Three years after her divorce from The Dream, Christina Milian is opening up the highs and lows of co-parenting. During an appearance on “Good Morning America” today, the actress-singer said it’s important for both parents to “take a second and breathe.”
“I feel like I’m in a good place, then all the better to just put it out there and hope that it can help someone else” she said of raising her daughter Violet with a man who cheated on her. “We all figure it out. Sometimes, you just got to take it, take the lesson, and learn, and know that this happened for a reason.”
She went on to say that your focus should always be on the child. “Have the best intentions. Pray on it. I think that communication will save you half the drama. You know, it makes things so much easier,” she shared. “And I think I learned that.”
The 32-year-old beauty, who is engaged to recorder producer Jas Prince, added, “I think it’s very important to take your time when introducing a new person into your child’s life.”
“You want to make sure this is going to work out so you’re not introducing them to a new person over and over again because you never know who is going to be the one,” she explained. “My motivation at the end of the day was making sure that my daughter had two parents that were in her life consistently, She’s a really smart girl and I think she has a healthy understanding of knowing that mommy and daddy are no longer together but we both love her.”
1. Communication is key. Truly work on trying to figure out a schedule that works for the two of you. Try to stick with it and if changes need to be made then talk to your partner. You can’t read each other’s mind. This will save you from a huge headache. Being combative or always on the defense is not going to help at all. So, try to chill out and be neutral and understanding of each other’s time. Your kids are not objects. Don’t use them to hurt one another or complicate each other’s lives. If you can make the change then great! If not, then be clear and communicate that and if anything find a way to be helpful in making the adjustment easier for the both of you. I know too many people in this situation who use their kids as a tool to get back at or frustrate their ex. And for what? Only to dislike each other more.
2. You don’t have to be estranged in order to prove you’re now divorced. It’s healthy for your kids to see their parents in the same setting. Granted you’re not technically together but you don’t have to pretend you hate each other. Kids are smart and they also have a beautiful heart. These moments can be very much what they need to fill that void of the ideal family. I think they will cherish these moments in the long run and will be helpful in their growth mentally.

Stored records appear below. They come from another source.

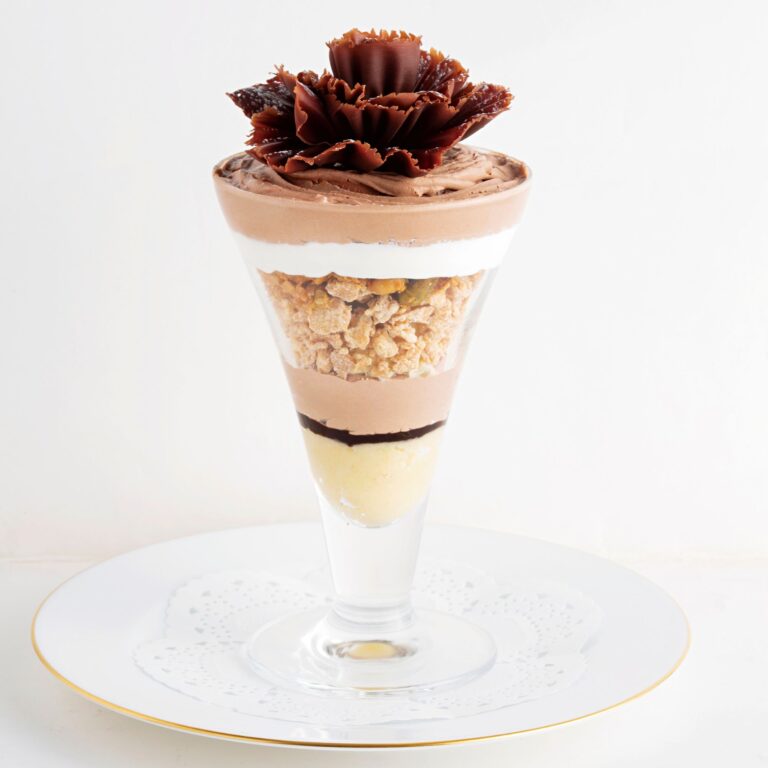 〈和光〉アネックス ティーサロン チョコレートパフェ...2,200円
トップにのったチョコの花など見た目の美しさはもちろん、「チョコレート、クリーム、アイス…各パーツごとに〈ヴァローナ〉のビターチョコレート3種を使い分け、奥行きある味わいに」(小熊シェフ)。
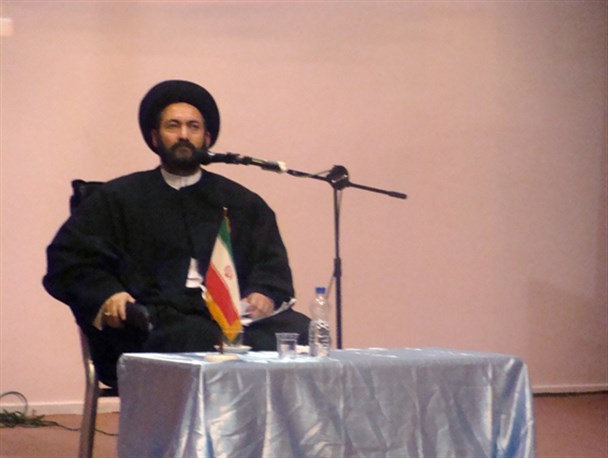 سران فتنه آزادند/ کروبی به آب درمانی های سرعین سر می زند!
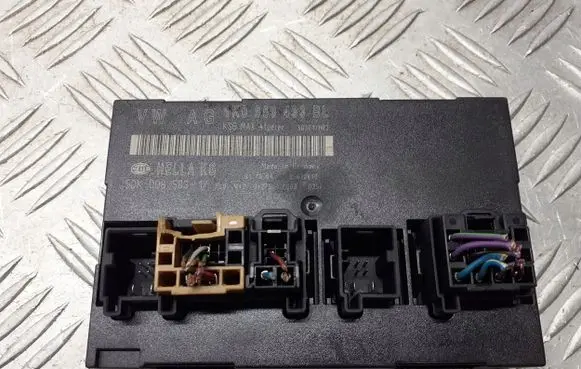 Skoda Octavia Mk2 (1Z) Central body control module 1K0959433BL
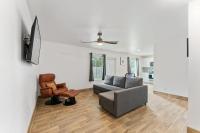 Coolidge 3bd 2ba upgraded apartment with amenities - Bed and Breakfast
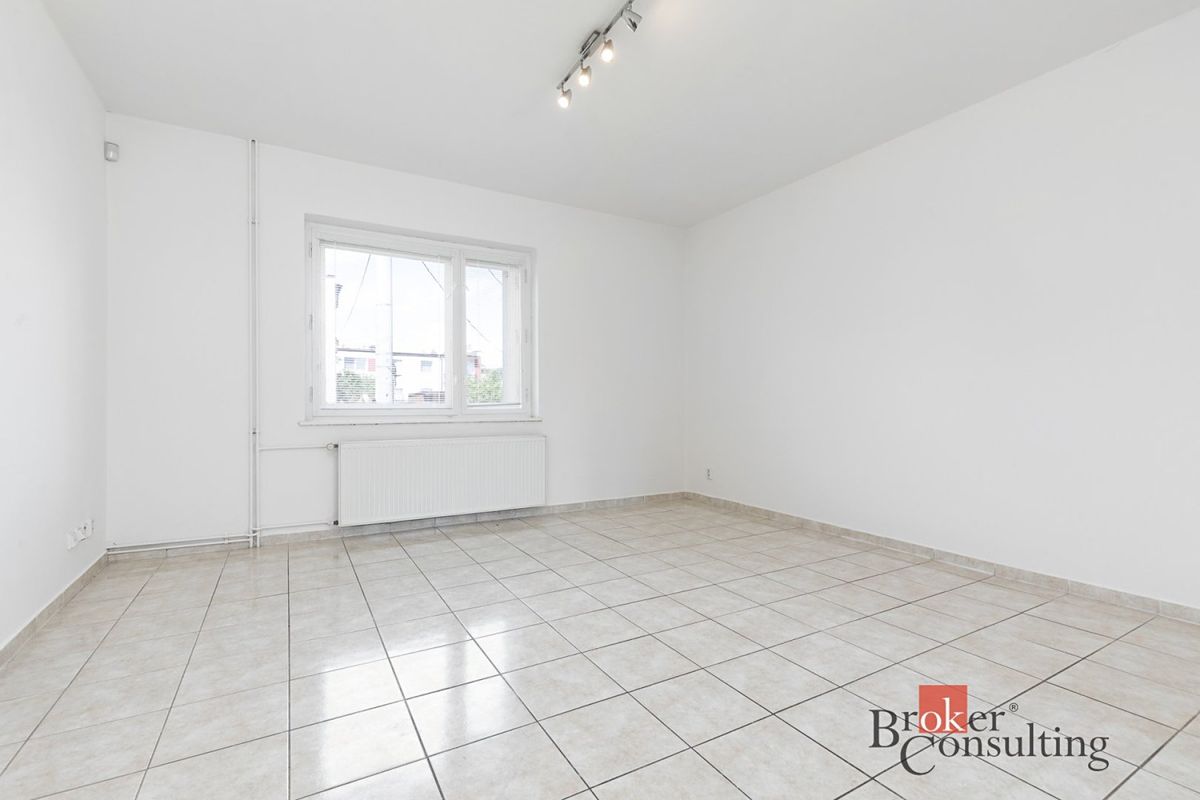 Prodej rodinného domu 147 m², pozemek 289 m² – fotografie 3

3. If you don’t get along, don’t express your frustrations in front of your kids. No matter what age your child/children are they understand EVERYTHING!! LOL! I swear they do! LOL.. So don’t stress them out with your issues. Not only do they understand what’s going on, they remember everything. So if you’ve got a problem save the drama or catty gossip with your friends for another time when your kids are not around. It’s not healthy for them to hear it.